Thursday, October 27, 2011

on the marriage plot.


so i finished Eugenides' new book, the marriage plot, yesterday in the early afternoon. people i meet, especially young people i meet, think i am batty for spanning so much time reading. it is not the fact that i do not have cable, or that i watch a ridiculous amount of films or that i like to ride my bicycle to the art museum downtown. probably because these are very young, romantic things to do. these are things we all do when we are at our most romantic or want to be at our most romantic or want to impress our romance on other people. lovers smoking cigarettes in bed, smeared eyeliner, girls with dark curly hair that refuse to be on top, that hide their soft parts. girls that look like young colts with strong legs, faces of deers. antlers, strong angry parts, to match. they are piecemeal parts of french films where the girls have short hair and breton stripe sweaters. 
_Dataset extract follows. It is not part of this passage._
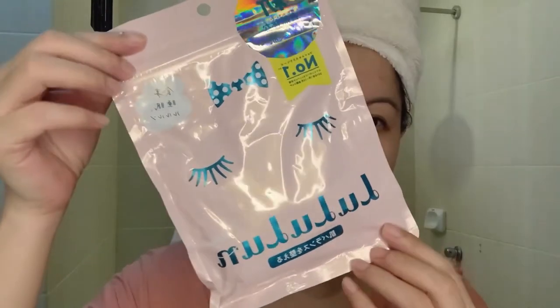Too bad I accidentally threw the packaging of the LuluLun masks, because those are the masks I used for this seven-day mask challenge. I recorded my application though. I got this mask from iHerb, and I also shared a review video of iHerb — if you haven't seen that one yet, please check the link down below.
they are the parts we turn ourselves into on autumn days, when we walk around alone, staring into shop windows with a cigarette between our lips looking disconnected being romantic being happy being alone in our public solitude being truly happy because others notice this and think we are romantic and dreamy. we are all like this at least when we know we are at the cusp of not being this anymore.


books are not like this. i do not even keep my books out anymore, lined neatly on the shelves. instead, they have there own big closet, with floor to ceiling books. like the game closet in the royal tenenbaums. some books are in my dressing room stacked beneath crystal lamps, magazines in a box in the corner. and the rest of my books have a side bedroom. they stay hidden. they sleep a lot and are mostly only woken up by me.



characters in books are like ghosts. i am always always haunted afterward, and if it is story that feels especially close, it stays with me for weeks and weeks. they start to hurt my heart. their decisions in the end begin to weigh on me. like if leonard was ever going to return from the woods, finally come back as wholly human and begin to be himself again and if that self could be counted on as a real, less fractured thing. and if mitchell meant what he said when he realized the dream was not like the first parts of reality. that the world and the dreams in it are far more desolate than we pretend. that they are not the parts that save us. i wonder if he really meant to go this time.

i ask strange questions about people i know and think strange things about people we know. and then i am asked why i am thinking about that and i say that i just spent the past week and a half with three people in a very familiar love triangle and i wonder how common all that is now and how empty. i remember those kinds of manic feelings and how exhausting and boring it all ends up.

growing up, i kept all my poems and all the books i read hidden too and did all the rough and tumble bad seed things right along with the rest. then suddenly the secret parts bloomed into tremendous flowers. and i get to wear them in my hair now and the world feels so different. it is like i never ever ever gave up the ghost at all, i just gave up the skeletons and i gave up the rooms, i gave up the crowds and the parts of pretending. i gave up the parts i never really loved at all but really truly would have willed myself to do so. which is maybe why the end of the marriage plot cuts real deep. because i know i have stood on the subway looking for someone desperately and i know i have been locked in the attic and Eugenides' knows it all. his books are the lucid parts of the fractured memories we all have. he knows the relationship between girls and their longing and girls and their bad ideas girls and big mistakes and secret truths.